The equally incomparable Nigella has a technique for roasting quinces that looks fabulous, but I haven’t tried it yet. Check it out here.
And I’m here to remind you that chef Ross Lusted is in love with quinces so much that he named his Melbourne restaurant Marmelo (Portuguese for quince). If you go, check out the divine illustrations on the menu featuring our favourite winter fruit. If you can’t go, experience it vicariously with this review in the AFR. (Not sure if there is a paywall - if so, sorry).
QUINCE TIPS:
Cook them long and slow, and don’t rush them. Cook them too quickly and they will soften too much, and never develop that rich, ruby colour you need.
All you need is water, sugar, spices and time. Leave it until the weekend, put them in a slow oven in the morning, take them out six or seven hours later, and eat your way through them all week. TIME LAPSE:



In the process, the colour of the flesh changes from pale yellow to a deep burgundy, and the flavour mellows to a sort of gently sour plumminess that is quite unlike anything else. As a cook, that’s a very satisfying outcome.
NEED TO KNOW
# Quinces smell so good. Buy them a few days before you cook them so you can inhale every time you walk into the kitchen.

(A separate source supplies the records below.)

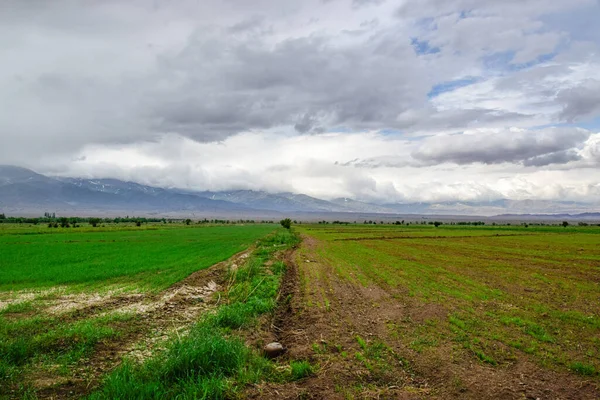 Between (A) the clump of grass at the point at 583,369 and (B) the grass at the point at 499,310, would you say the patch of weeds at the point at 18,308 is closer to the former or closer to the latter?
(B) the grass at the point at 499,310

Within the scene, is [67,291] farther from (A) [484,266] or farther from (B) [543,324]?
(A) [484,266]

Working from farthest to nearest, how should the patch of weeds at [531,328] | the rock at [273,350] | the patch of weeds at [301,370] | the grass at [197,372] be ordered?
1. the patch of weeds at [531,328]
2. the rock at [273,350]
3. the patch of weeds at [301,370]
4. the grass at [197,372]

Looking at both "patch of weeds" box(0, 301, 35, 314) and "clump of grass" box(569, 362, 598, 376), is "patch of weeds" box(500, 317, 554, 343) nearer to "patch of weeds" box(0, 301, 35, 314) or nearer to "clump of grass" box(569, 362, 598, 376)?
"clump of grass" box(569, 362, 598, 376)

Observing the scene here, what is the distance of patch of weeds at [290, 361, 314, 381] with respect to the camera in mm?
8086

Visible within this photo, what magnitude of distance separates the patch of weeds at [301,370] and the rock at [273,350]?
3.80 ft

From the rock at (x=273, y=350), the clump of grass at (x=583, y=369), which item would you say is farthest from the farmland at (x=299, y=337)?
the rock at (x=273, y=350)

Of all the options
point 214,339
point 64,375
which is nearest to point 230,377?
point 214,339

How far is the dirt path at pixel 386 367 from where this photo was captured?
7.32 meters

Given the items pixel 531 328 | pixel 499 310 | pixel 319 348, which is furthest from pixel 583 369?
pixel 319 348

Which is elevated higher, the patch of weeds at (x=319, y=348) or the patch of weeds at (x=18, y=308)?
the patch of weeds at (x=18, y=308)

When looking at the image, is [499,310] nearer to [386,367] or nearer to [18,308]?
[386,367]

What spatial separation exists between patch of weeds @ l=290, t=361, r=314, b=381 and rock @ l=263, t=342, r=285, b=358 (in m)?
1.16

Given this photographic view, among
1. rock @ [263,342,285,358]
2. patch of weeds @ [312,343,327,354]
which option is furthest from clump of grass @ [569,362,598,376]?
rock @ [263,342,285,358]

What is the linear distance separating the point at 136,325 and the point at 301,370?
6549 millimetres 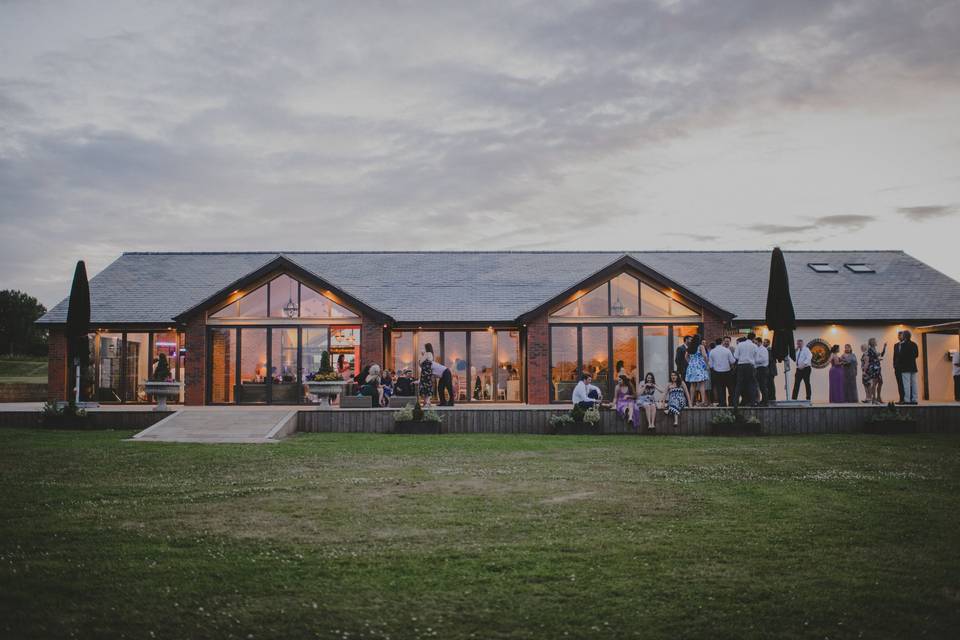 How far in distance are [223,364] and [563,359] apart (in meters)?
9.62

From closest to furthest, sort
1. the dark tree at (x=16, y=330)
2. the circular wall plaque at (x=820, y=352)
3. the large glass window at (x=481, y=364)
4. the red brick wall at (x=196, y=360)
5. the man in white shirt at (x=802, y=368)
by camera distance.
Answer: the man in white shirt at (x=802, y=368)
the red brick wall at (x=196, y=360)
the large glass window at (x=481, y=364)
the circular wall plaque at (x=820, y=352)
the dark tree at (x=16, y=330)

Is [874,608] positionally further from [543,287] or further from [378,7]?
[543,287]

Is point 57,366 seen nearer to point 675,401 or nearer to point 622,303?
point 622,303

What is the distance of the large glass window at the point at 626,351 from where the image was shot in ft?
75.0

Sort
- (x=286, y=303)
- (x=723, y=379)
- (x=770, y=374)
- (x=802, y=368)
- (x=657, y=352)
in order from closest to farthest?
(x=723, y=379) < (x=770, y=374) < (x=802, y=368) < (x=286, y=303) < (x=657, y=352)

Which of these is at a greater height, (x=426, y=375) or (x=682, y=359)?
(x=682, y=359)

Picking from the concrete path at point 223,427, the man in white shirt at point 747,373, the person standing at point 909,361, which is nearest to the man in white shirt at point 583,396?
the man in white shirt at point 747,373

# Cook with core and seeds intact for the pectin – a natural setting agent - and add the peeled skins back in. It all helps to create a beautiful syrup.
# Quinces don’t like to be bothered. Once they’re in the oven, leave them alone. Do not stir, turn or otherwise interfere, or they may go a bit mushy.
# The syrup you end up with is GOLD. Drizzle over tarts, ice-creams and cakes. Add a spoonful to a negroni, dry martini, gin and tonic, or just sparkling water.
SPICED QUINCES
4 medium yellow quinces
400g sugar, brown or otherwise
2 cinnamon sticks
2 vanilla beans, split lengthwise
2 star anise
1 tsp peppercorns
4 cloves
Heat the oven to 120C.
Rub the skins of the quince to remove any down and trim off the ends.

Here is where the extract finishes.